I finally saw “Bobby” last night thanks to my Netflix subscription.  I can understand the criticisms that having a cast of stars could be distracting.  What I found distracting was the lack of demographics.  Estevez’s film had a good number of Latinos and Mexicans featured in the kitchen, a smaller smattering of African Americans and absolutely no Asian Americans.  Come on, this was in Los Angeles, one of the few places in the USA which already had a large Asian Amercian population!!

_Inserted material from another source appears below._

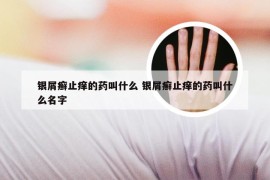 银屑癣止痒的药叫什么 银屑癣止痒的药叫什么名字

Shame on you Emilio for ignoring this group, one that built the railroads in this nation, a group that sacrificed for their country and which found their civil liberties taken away just 24 years prior to Bobby Kennedy’s murder.  Then again, for me, the star studded cast is a reminder that this is Hollywood, not real life.  Mexican kitchen help has some   dialogue toward conveying their situtation and a little of US history about US acquistion of Mexican lands, and uses the term “Latino” once but that is all.  For the most part, the handing of ethnic subcultures is superficial.  I suppose if Estevez wasn’t Mexican in heritage, it might have been even more wanting.  Still, Asian Americans and Native Americans have been living in California (it was Indian land before, remember??) minimally at the turn of the 1900’s.  Yet Bobby, with its historical background, would have a view believe Asian Americans and First Nation people did not exist in Los Angeles, that African Americans had largely “made it” and all Mexicans worked kitchens.  Bobby left me disappointed at this mix, with the sad irony that Kennedy’s speeches had so much more substance than the film’s depiction of those of whom he spoke of and for.